With time, those mountains were linked to mythical ancesters who, in turn, could
be deified. Mountains were important sites of pilgrimage, long before the
arrival of buddhism, and numerous stone pilars (Tib. Doring) and altars have
been discovered on high peaks. The old religion also included royal devotion,
sacrifices and divination.
Confronted to buddhism, the bönpo experienced some decline but never
disappeared. Bön evolved and was very influenced by some buddhist schools,
especially the Nyingmapa, but also influenced them. The bönpo consider their
faith as a world religion, even if it is geographically limited to Tibet, as its
purpose is to save people. The swastika, old symbol of good luck, is very
present in bön and represents eternity, mostly in its anti-clockwise version.

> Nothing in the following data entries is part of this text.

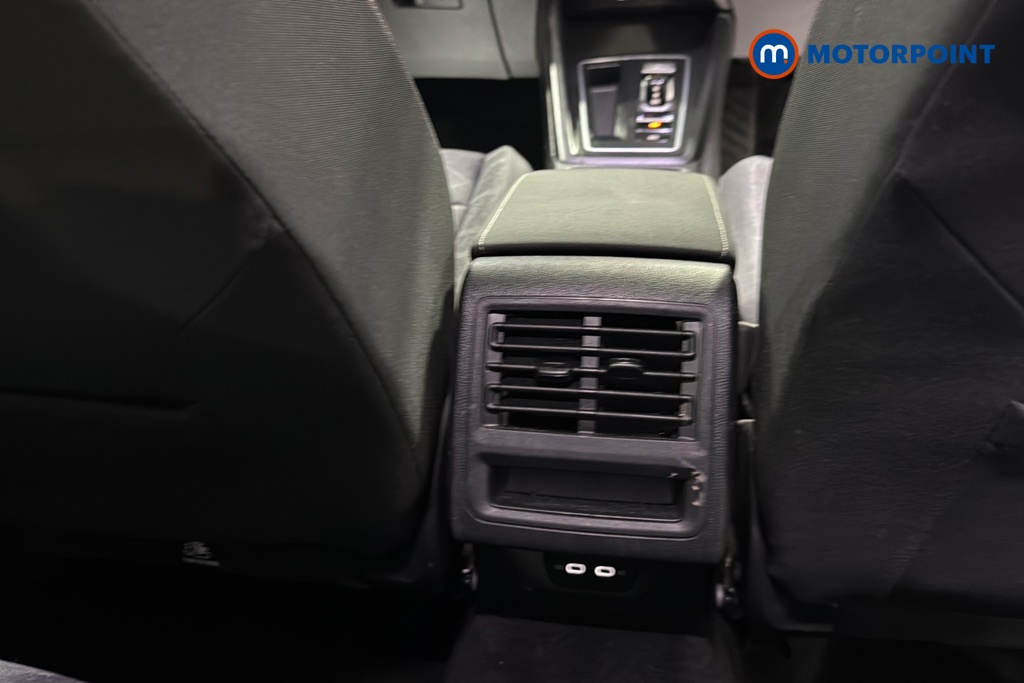 Volkswagen Golf Life Automatic Petrol Hatchback - Stock Number (1645777) - 28th supplementary image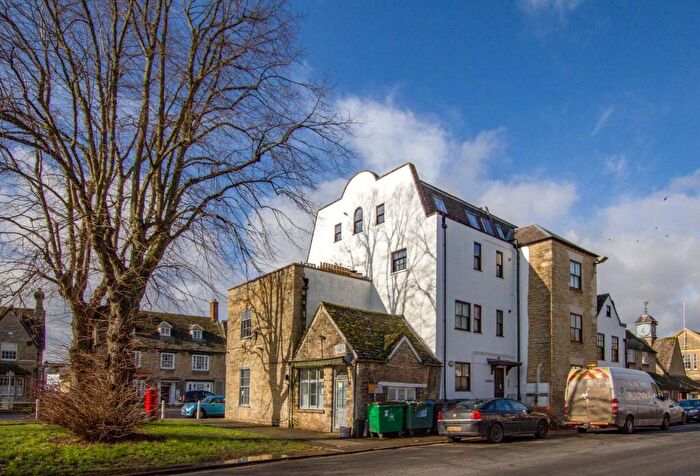 1 Bedroom Penthouse To Rent In Wickham House, Market Square, Witney, OX28
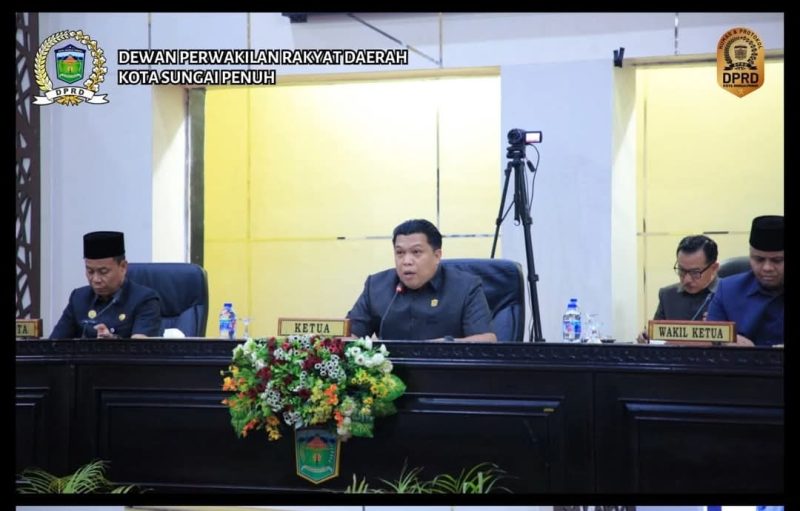 Sidang Paripurna DPRD Kota Sungai Penuh 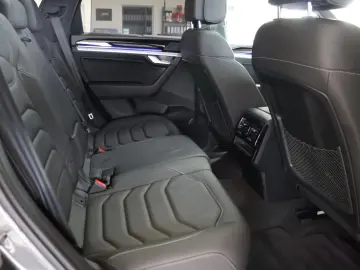 Touareg 3.0 V6 TDI R-Line 4Motion 170 kW (231...
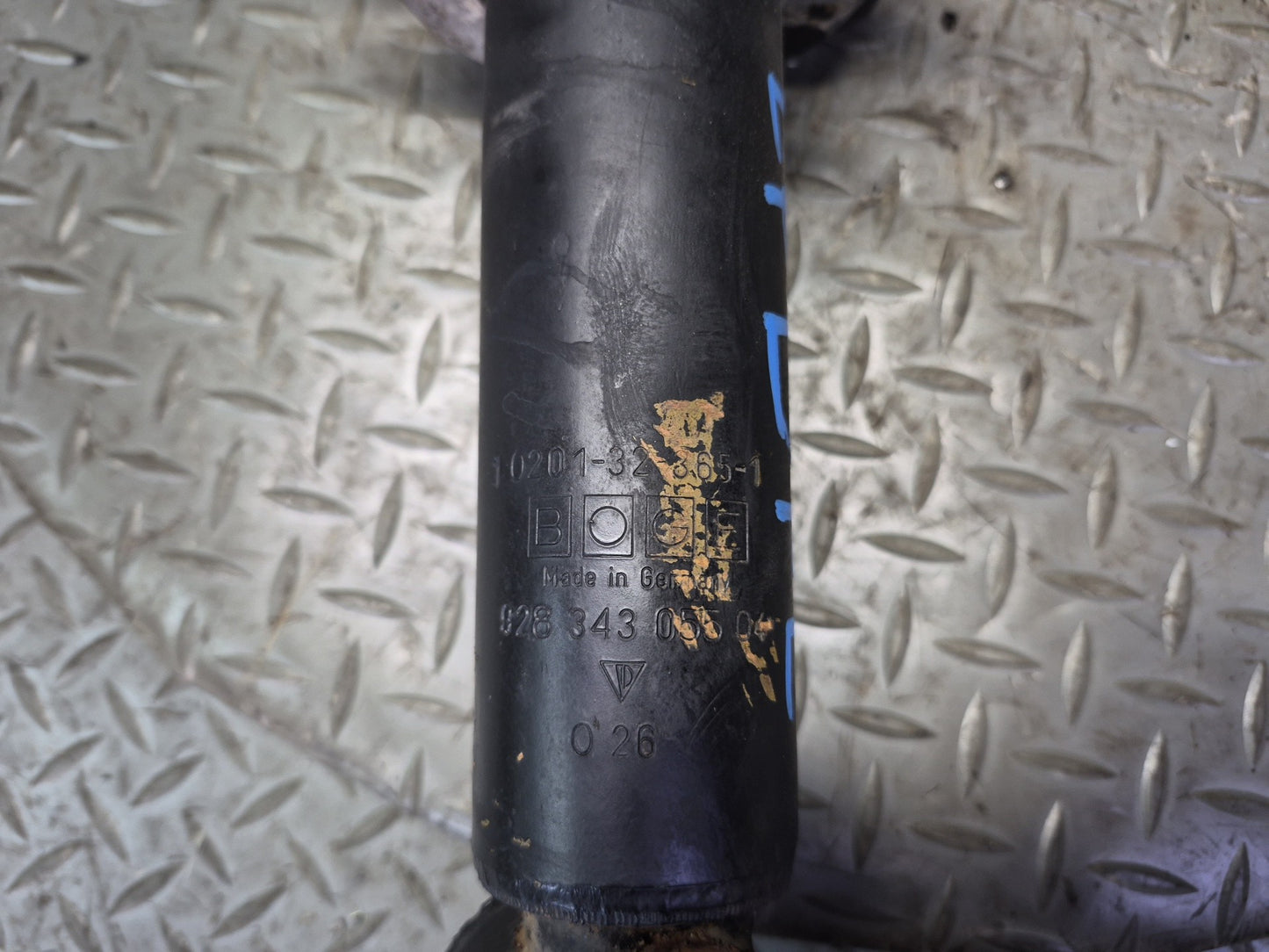 1983-1986 Porsche 928 S Front Left & Right Shock Strut Absorber Set of 2
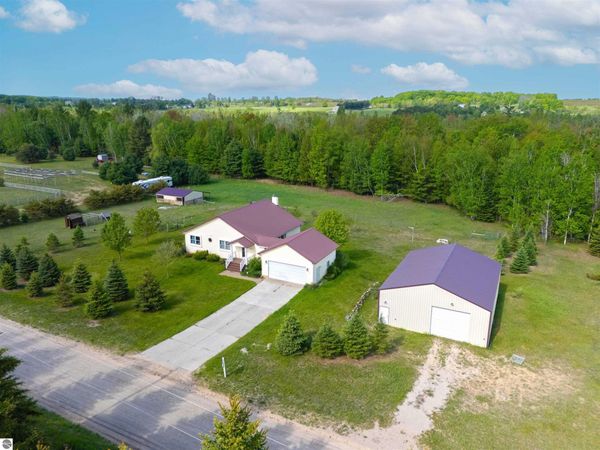 7495 Bennett Road, Williamsburg, MI 49690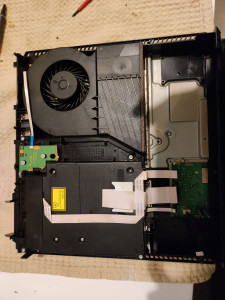 Photo de galerie - Nettoyage et changement de pâte thermique d'une PlayStation 4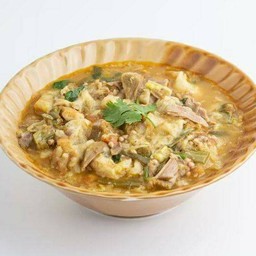 Yemeni Fattah Chicken (Soup with Bread & Mixed Vegetables)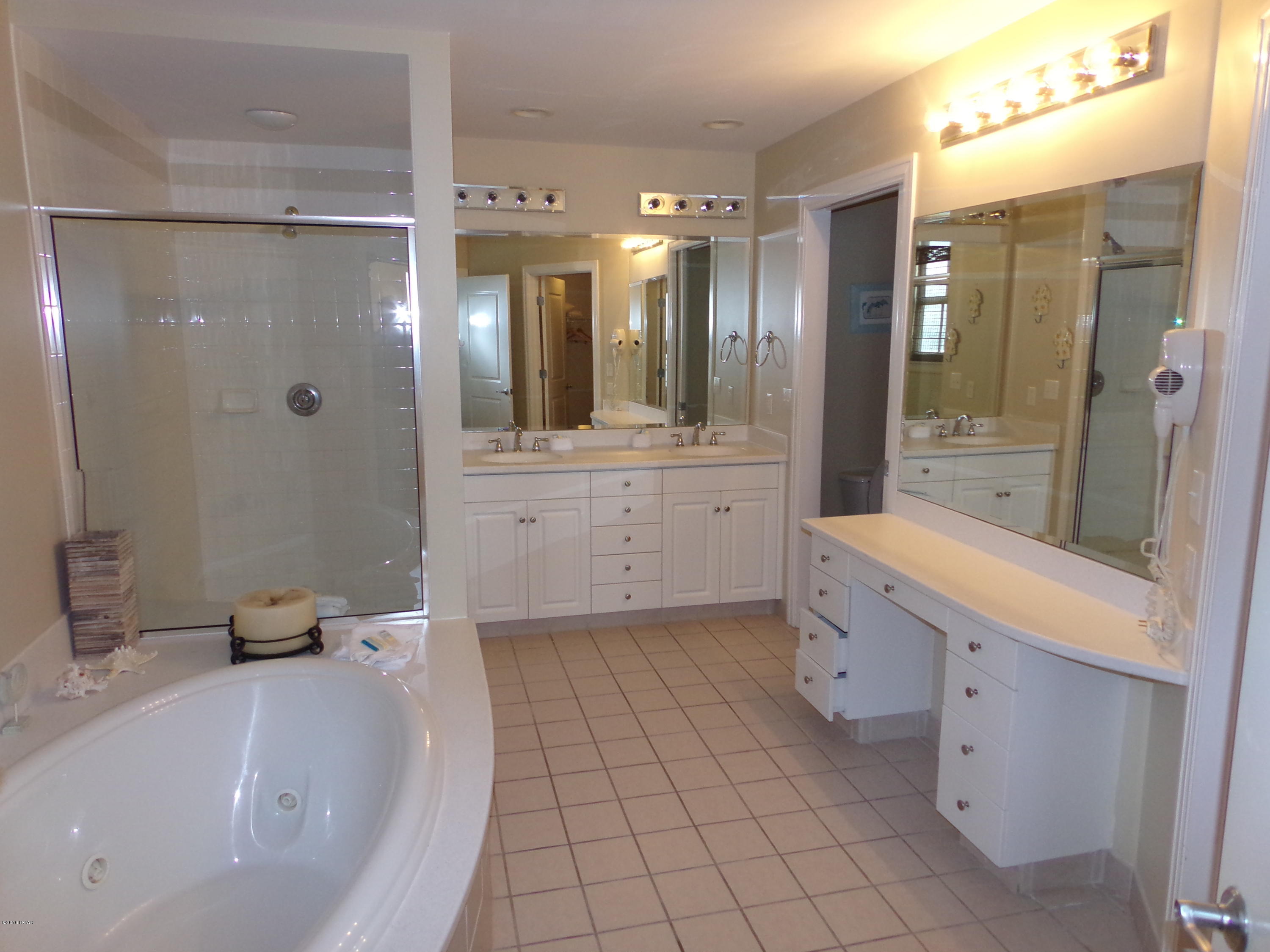 En Soleil Condo - Residential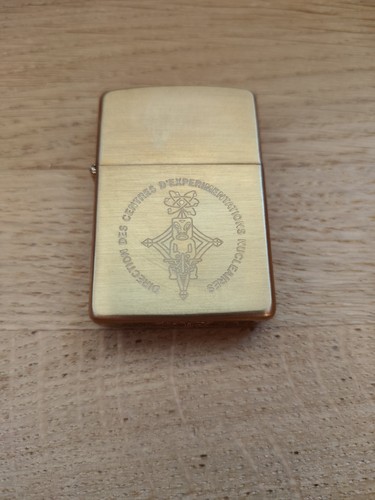 Zippo ancien neuf - ancien, direction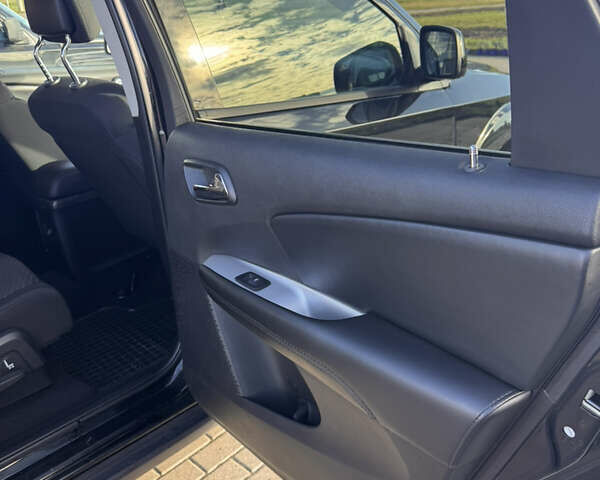 Черный Додж Джорни, объемом двигателя 2.36 л и пробегом 221 тыс. км за 11800 $, фото 20 на Automoto.ua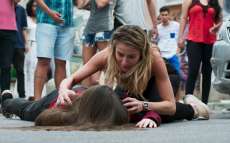 'Malha&ccedil;&atilde;o': Manuela &eacute; atropelada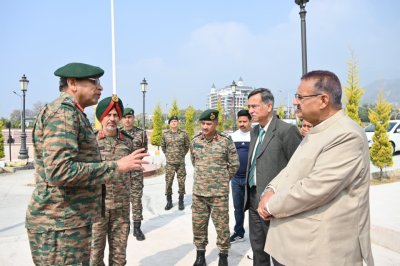 सैनिक कल्याण मंत्री गणेश जोशी से मिले मध्य कमान के आर्मी कमाण्डर, सैन्यधाम का किया संयुक्त निरीक्षण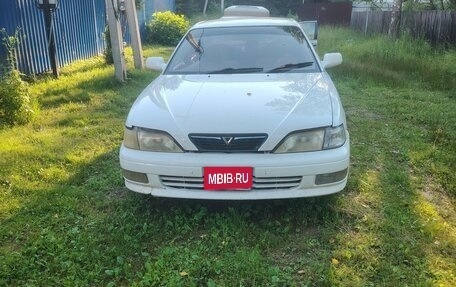 Toyota Vista, 1995 год, 170 000 рублей, 1 фотография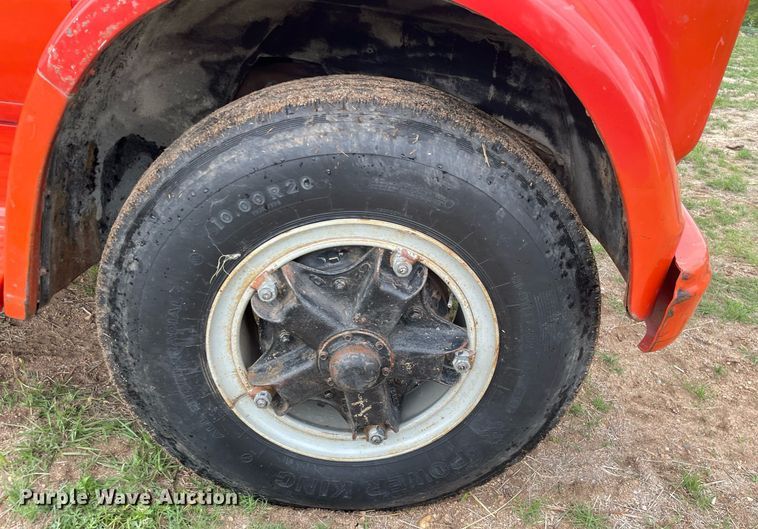 image for item DS7134 1972 Chevrolet C60  grain truck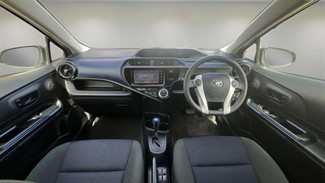 2015 Toyota AQUA - Thumbnail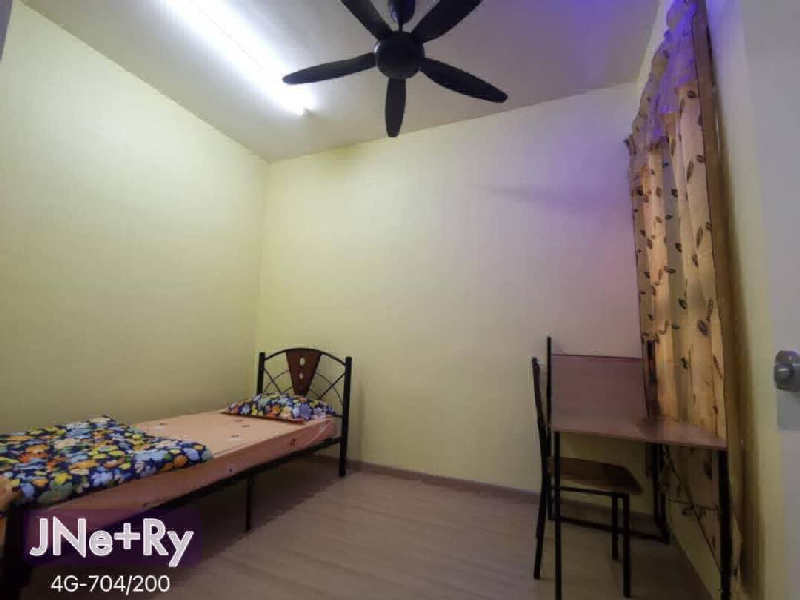 Gravit 8 Service Ashino kota bayuemas klang Size 874sqft2  Bedrooms 1 bathroom Fully Furnished 2 par - photo 5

The flag has five horizontal stripes (blue, white, red, green, yellow). In the
middle of the flag there is a golden yungdrung chakshing (g.yung-drung
phyag-shing in Wylie transliteration), which is a bönpo scepter and symbol of
immortality. On each end of the yungdrung there is a square with a swastika. The
squares are shown with a blue swastika on yellow field in one instance, and with
several colours between the arms of the yellow swastika in the other (blue to
the left, red on top, green on the right, and white on the bottom), all on a red
field within yellow border..
Sources:
http://blog.amdotibet.cn/tibetmonk/archives/103962.aspx
http://ravencypresswood.com/2013/09/24/flag-of-the-yungdrung-bon/
Corentin Chamboredon, 10 February 2014
The flag design is certainly an example of the way these two religions
influenced each other: in Buddhist tradition, five colors are associated with
five Dhyani Buddhas, as well as with the cardinal directions:
http://en.wikipedia.org/wiki/Dhyani
Whether the use of this color set originated in Buddhism and was adopted by the
Bönpo, or vice versa, is an open question for now. (Or maybe it is not, but I
don't know the answer.)
The use of swastika is another example. (In this case, I'm apt to attribute the
origins of its use to the Buddhism, because the symbol is known to have been
used in India long before the Buddhism was founded.)
Tomislav Todorović, 10 February 2014
I'd say five has been a number of note in the greater Indus region for a long
time, though I don't know exactly how long. Unless we find something better, I'd
go with shared heritage rather than influence one way or the other.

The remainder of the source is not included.